TLDR; After years of searching around I finally found a Linux backup setup that fits my needs: Borg + Vorta + BorgBase
As long as I can think back, backing up my Linux system always was a problem for me. I tried various solutions, from gnomes Déjà Dup over various more or less maintained open source solutions up to manually file system backups with rsync.
Requirements
All the aforementioned solutions lacked either in one or the other of my following requirements.
Automatic in regular intervals
Some people go with the quote: “No backup, no mercy”, but I like to go even further “No automatic backup, no mercy”. You might claim that your manual scheduled backup might be a good solution for you…for me it’s not. Like with New Year’s resolutions: After a short period I forget doing them or the time in between the single backups is too big to really call it an up-to-date backup. And to be honest: I know no one in my circle for whom this manual strategy works. They all lost important data at some point because of their last backup being too old.

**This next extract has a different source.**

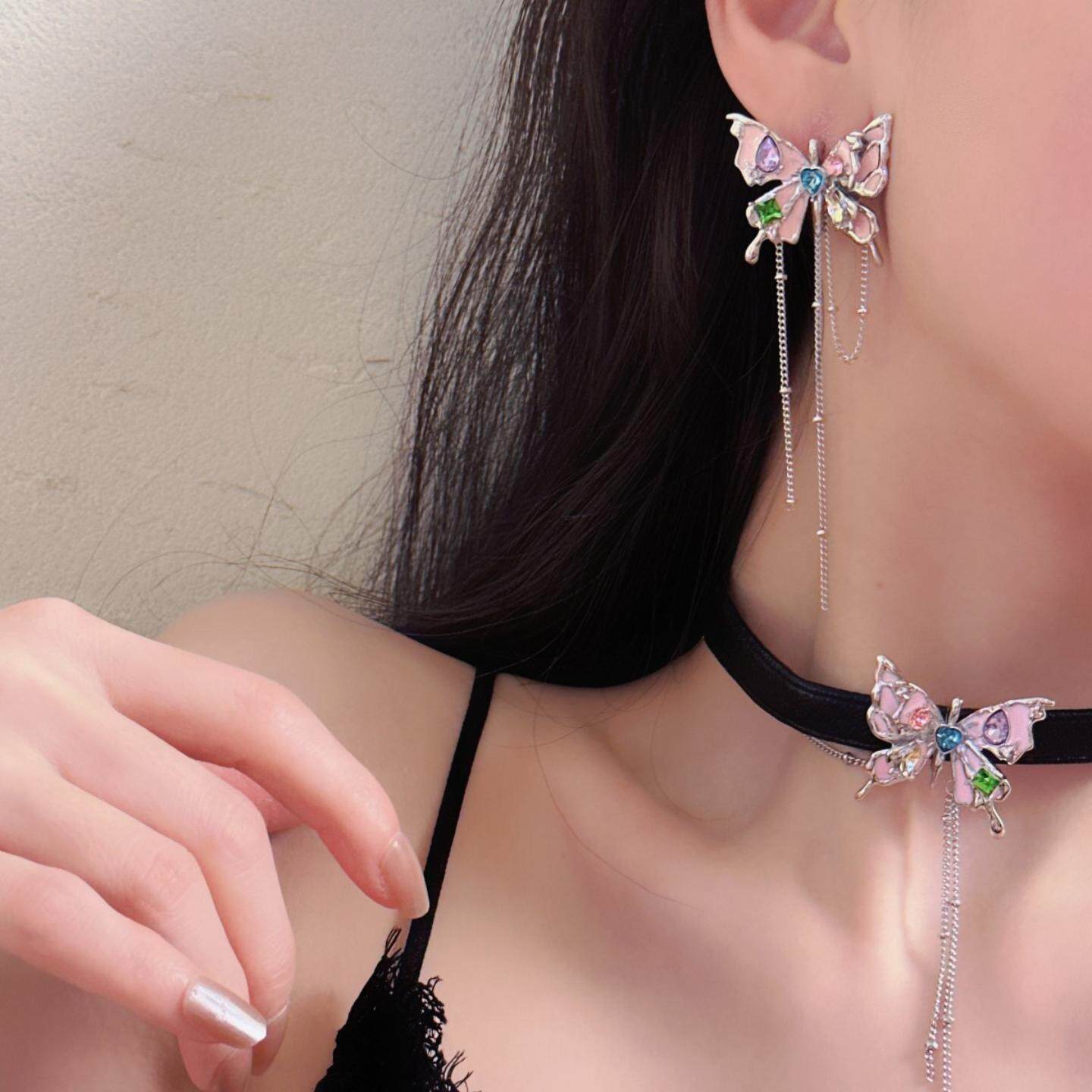 千禧蝴蝶流苏耳环女镶钻滴油吊坠皮质项链小众个性短款锁骨链甜酷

I figured, as long as the backup system doesn’t do its work on its own in the background it is of no use to me.
Off-site (cloud storage)
Influenced by the automatic nature of my optimal backup solution I want to have a cloud storage as backup endpoint. This has two reasons:
- Convenience: I don’t want to carry around and plugin an external hard-drive whenever I do a backup
- Fire & theft scenarios: If the rare case happens, that both my laptop and hard-drive get stolen (someone stealing my backpack in the underground) the whole backup solution was of no use. Same for both devices being destroyed in a fire.
Client-side encrypted
Storing all my backup data in a cloud storage comes with a negative privacy implication. Why would I have my laptops hard-drive encrypted, but my backup is stored in clear text in the cloud ?(yep looking at you iCloud Backups)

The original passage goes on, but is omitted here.